Nela Richardson, Chieif Economist for Refin, joined Redfin from Bloomberg LP, where she was a Senior Economist with Bloomberg Government. She has also held research economist positions at the Commodity Futures Trading Commission, Harvard University’s Joint Center for Housing Studies and Freddie Mac. Nela leads the Redfin research team and is a frequent guest expert on housing and economic issues for local and national media
Richardson recent spoke with DS News about her views on the current housing market as well as innovation in the mortgage industry.
You spoke recently of the housing market contracting inside of bubbling. What do you think the future of the market will look like with this contraction?
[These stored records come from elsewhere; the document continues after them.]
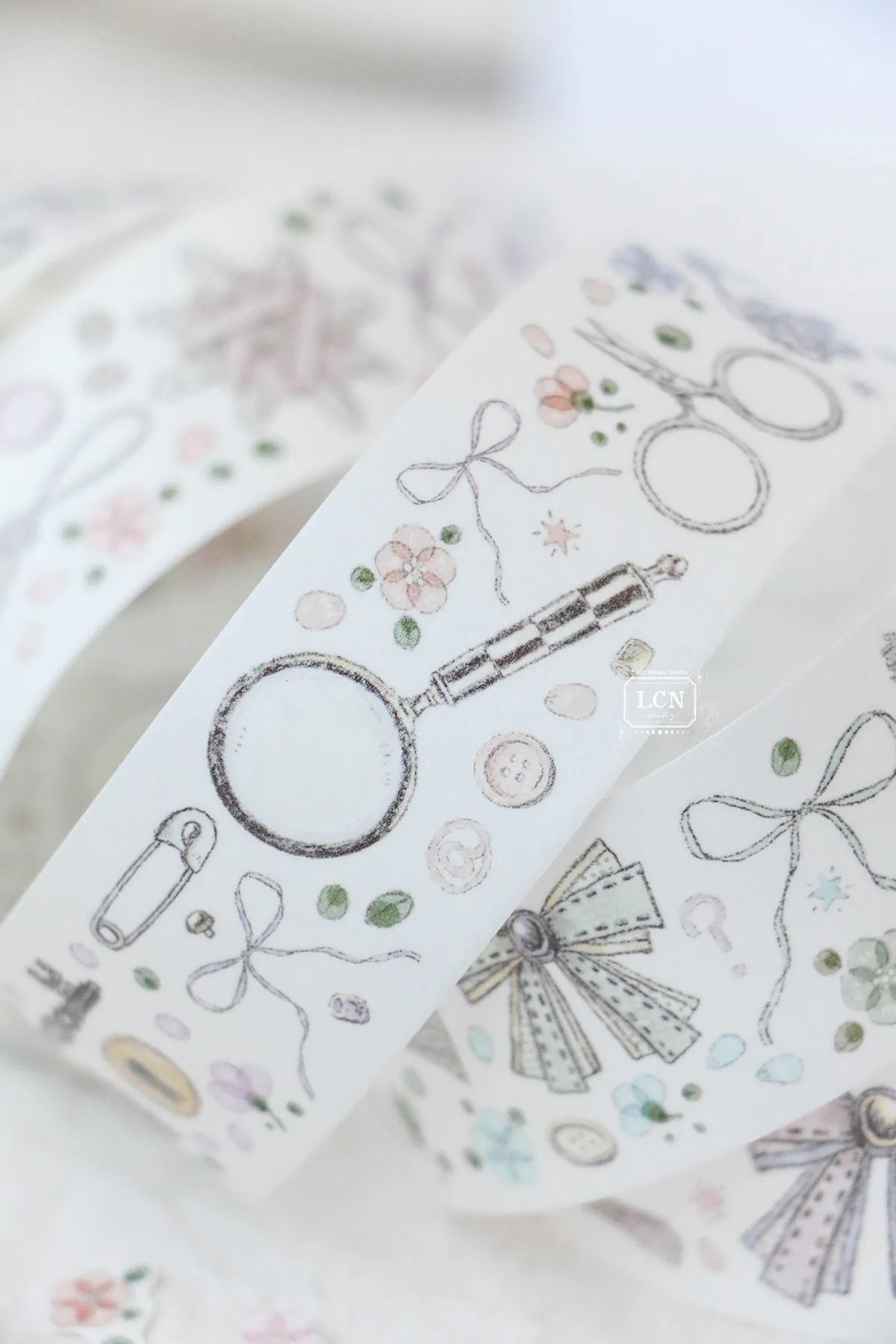 LCN Design Studio Tape Sample: Joy Bringer and Sticker Club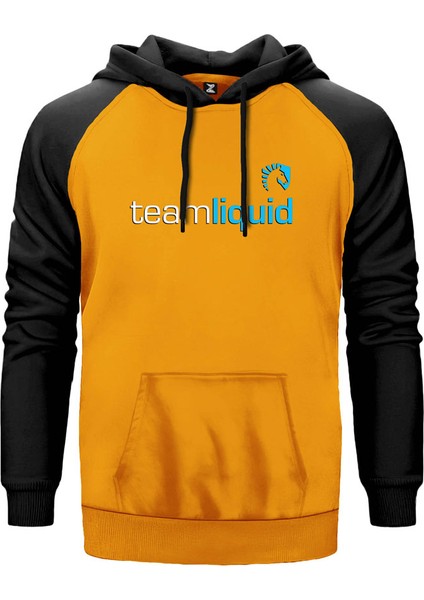 Team Liquid Sarı Renk Reglan Kol Kapşonlu Sweatshirt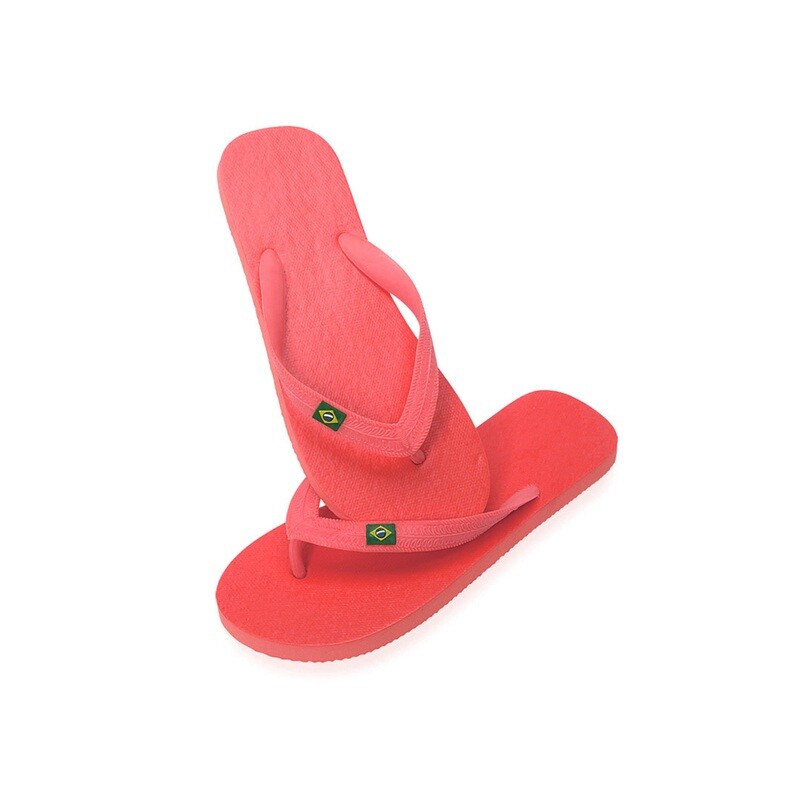 Par de chanclas brasileiras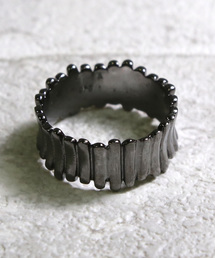 【YArKA/ヤーカ】silver925 unevenness stick ring[bou]/不揃い棒リング シルバー 925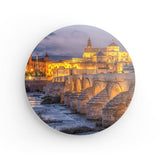 Rundes Wandbild | Cordoba by night – Die Mezquita als architektonisches Juwel im Abendlicht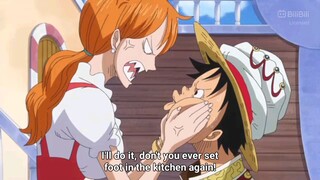 Nami refuse dime for the first time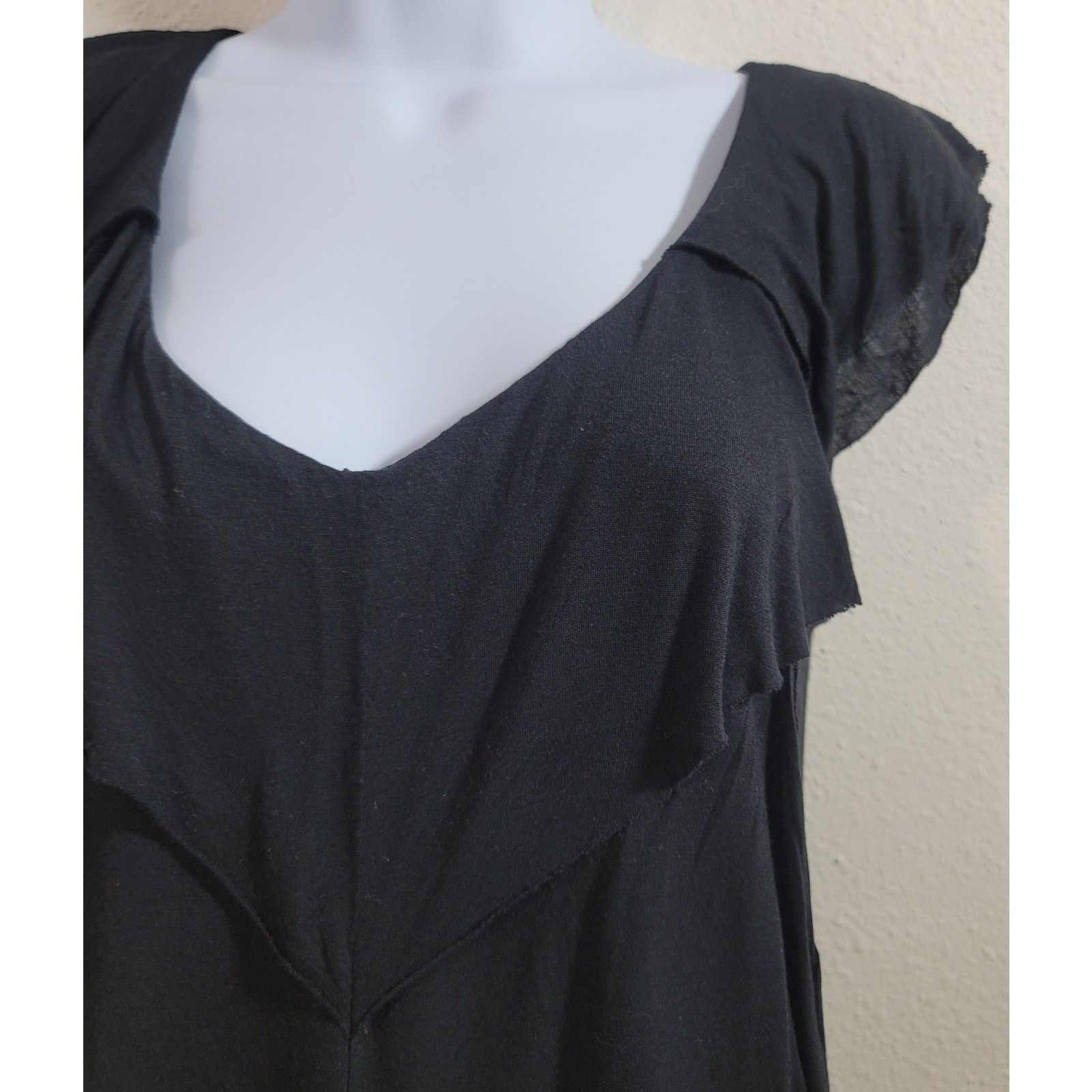 Other Cabi Black Multi Tiered Ruffled Top Medium Soft Flowy Size M / US 6-8 / IT 42-44 - 5 Thumbnail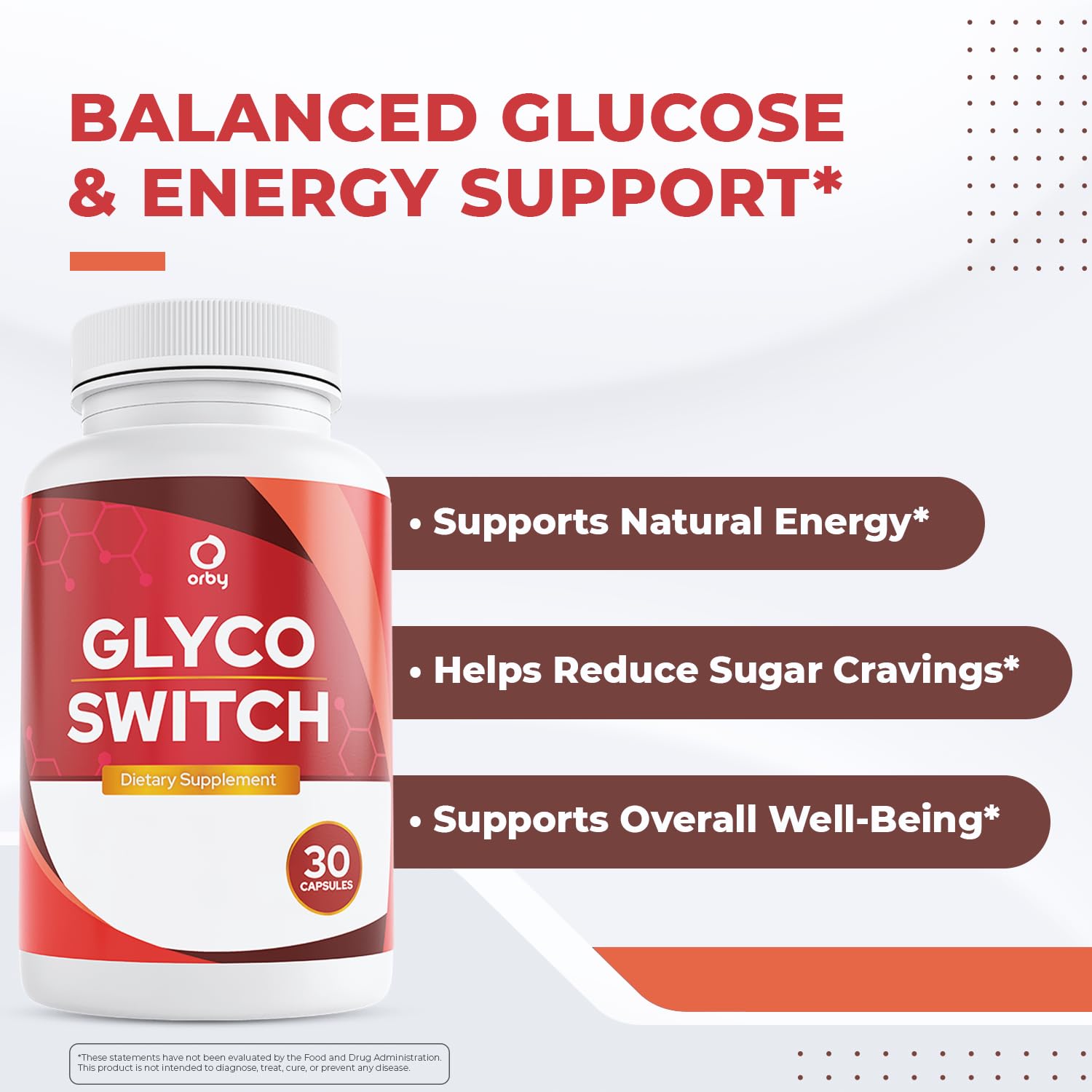 Orby GlycoSwitch – Natural Daily Wellness Supplement with Vitamin C, D3, Magnesium & Chromium – Non-GMO, GMP Certified, Made in USA – 30 Capsules, 1 Month Supply OrbyBuy Supplements Australia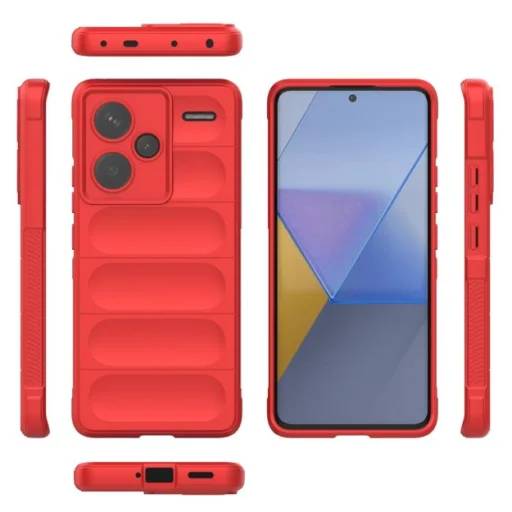  Techsuit - Varázspajzs - Xiaomi Redmi Note 13 Pro+ 5G - Piros tok - 2
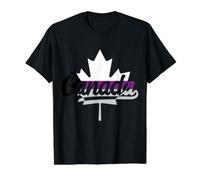 Canada Demisexual Flag Value Graphic T-Shirt, Men, Black, S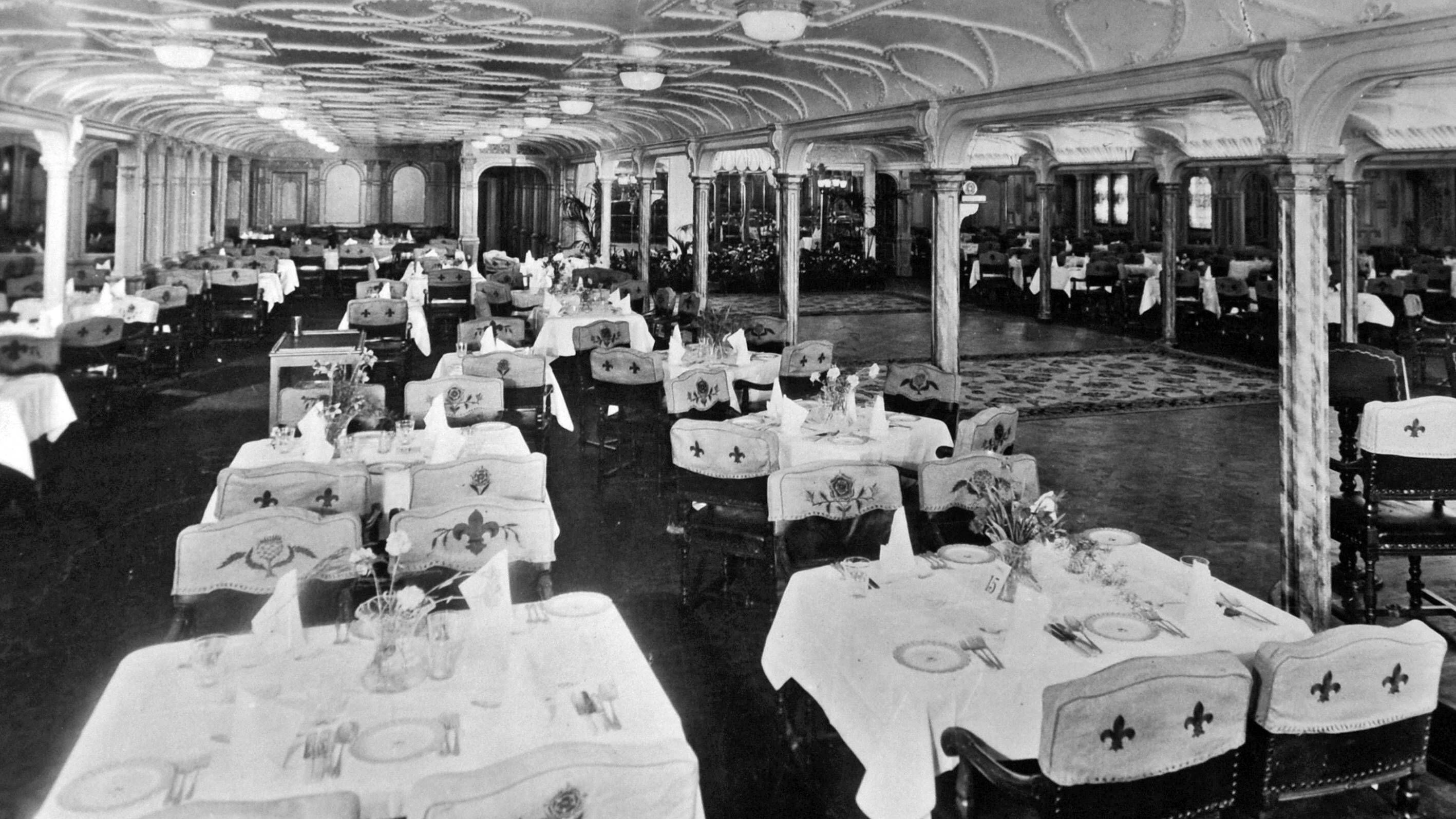 In diesem Speisesaal der Titanic ließen sich die Passagiere der Ersten Klasse verwöhnen.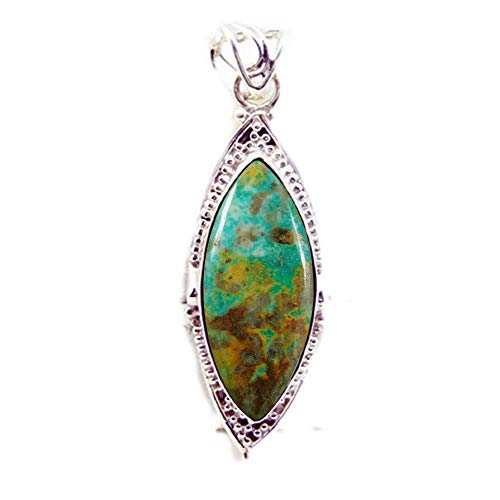 Bague Marquise turquoise naturelle en argent sterling 925 pour femme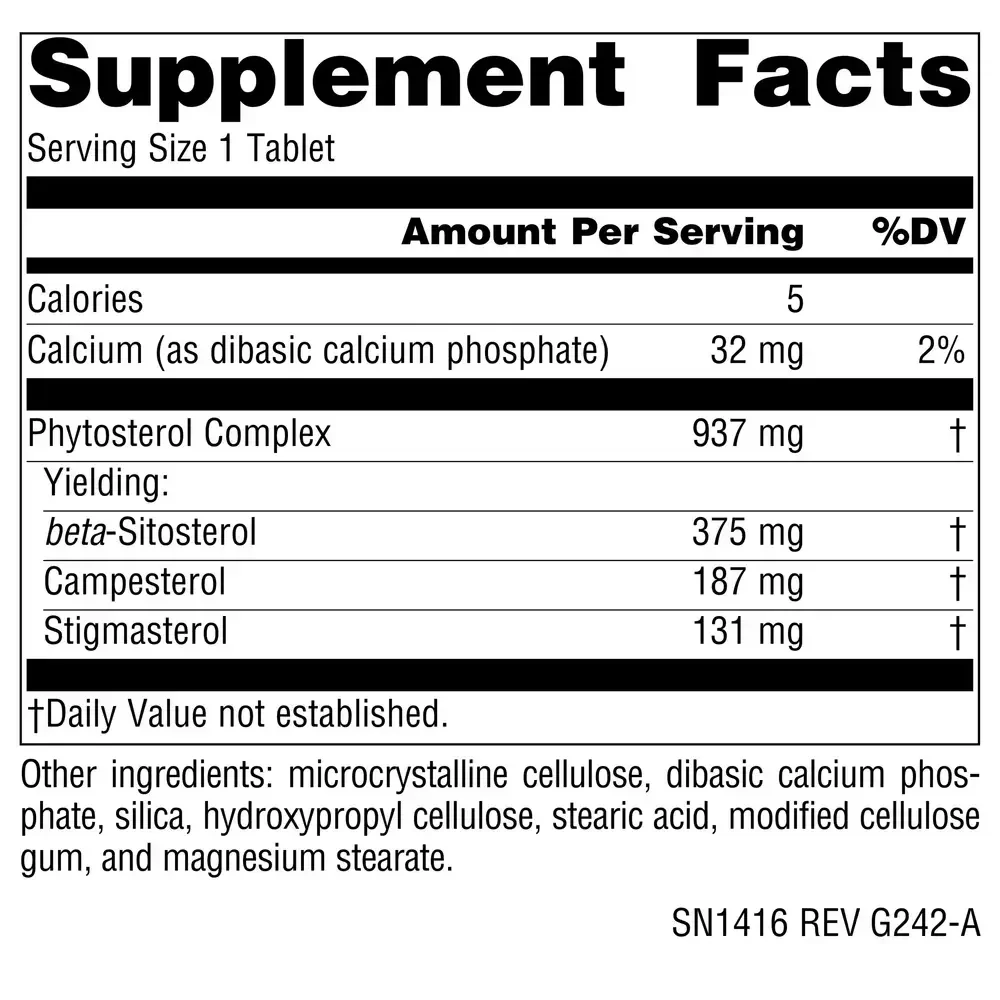 Product image for Beta Sitosterol, Mega Strength.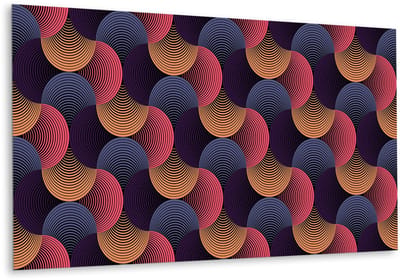 Tulup PVC Wandpaneel - Retro Patroon Vinyl Wandpaneel - 100 cm x 50 cm - Veelkleurig Wandpaneel Zelfklevend - 1 stuk - Wandpaneel Zelfklevend - Geometrisch Wandpaneel - Vinyl Wandpaneel - Plaktegels Keuken en Badkamer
I think there is going to be less turnover. One of the strengths of the U.S. Labor Market is that it has been supported by a very active, very mobile workforce. Part of that is because historically it has been very easy for people to buy and sell their homes and move to where the jobs are. I think along with other thinkers that it looks to be that this is not going to keep going at the same amount we have seen in the future. This means that turnover will be less. Because inventory is so low, people are a little timid about selling their house and a little afraid of not finding a new home is a new location. There is also the issue of the prices being too high in the location where the home is. Overall, this low turnover in the long run might impact the labor market simply because people can’t move because of various housing restraints to where the jobs are.
What does the housing market look like in regard to sales, and you spoke of less investors in the market so what impact does that have to the market as a whole?
Year-to-date sales are up and in fact we will have the best year in housing since the bust. But recently we have seen some slowness in the market. The last month we saw a drop year over year so what we think is happening in the second part of the year is that low inventory is actually putting a lid on sales. We could have much stronger sales than we do right now if there was more inventory because buyer demand is high.
For the buyer, having less investors is a good thing because it means less competition. In a market that has such low inventory, it is good to have less competition. At the low end though, for the affordable homes you do see more investors and that is a challenge to first time buyers. This is because whenever there is an affordable home that comes into the market, the agents say that you see first time buyers, high end buyers and investors because that property has such potential as a rental property. First time buyers are not only competing with themselves for affordable housing but they are also competing with investors who want to turn the properties into rentals and high end buyers who want a second home to turn into a vacation home or Airbnb.
What are some of the mistakes you are seeing post-crisis in the market and in the mortgage industry?
One, we need more lending to new construction, not less. We’ve seen recent data show that things are pulling back from multifamily, and that is back news because that trickles down to all segments of the housing market. When there is less in the market whether that is rental or for sale that makes it harder for buyers and renter to find homes in their price range. We need more new construction and lending. Second, we are not overbuilding but we are also not meeting the demand for starter homes. First time buyers, millennials are not finding a lot in their price range whether it’s condos or single family homes because they’re not building there and homeowners aren’t listing at that price range. Third, the for-sale market has never been faster. Technology has really added homebuyers. And yet in the mortgage market we are seeing exactly the opposite. The mortgage market has not kept up with the pace of housing and that is a big mistake. During the crisis, the mortgage market could have outrun the fundamentals of housing but now it is lagging.
Why do you think the mortgage industry might be reluctant to innovation?
Regulations, Risk, and Repercussions, the three R’s. In a low rate environment like we have now this is the time where you should see innovation in the mortgage market but I think the industry hasn’t figured out how to have financial innovations and in a safe way. A lot of the mortgage market is unwilling to take the risk because of regulations and the cost of making a mistake. The justice department won several lawsuits from banks and I think banks are really worried about the repercussions of making a mistake, running out of bounds of regulation, not having clear lines of what is tolerable and what is not in terms of risk and for that reason they’re afraid to take a bet on the American consumer and the future homebuyer of whether they’re first time or millennial. The banks right now I think like to stay on the safe end of the pool and so we are not seeing a lot of innovations right now. We are not even seeing a lot of loosening right now. There was a little bit last year but banks are pretty much holding steady on their underwriting standards. Some people would argue that this is great and we should have tight underwriting and it should be hard to get a mortgage because we should make homeownership aspirational enough that people make sound decisions. While I don’t disagree with that, I still think that it is too hard to get a mortgage for most middle class families.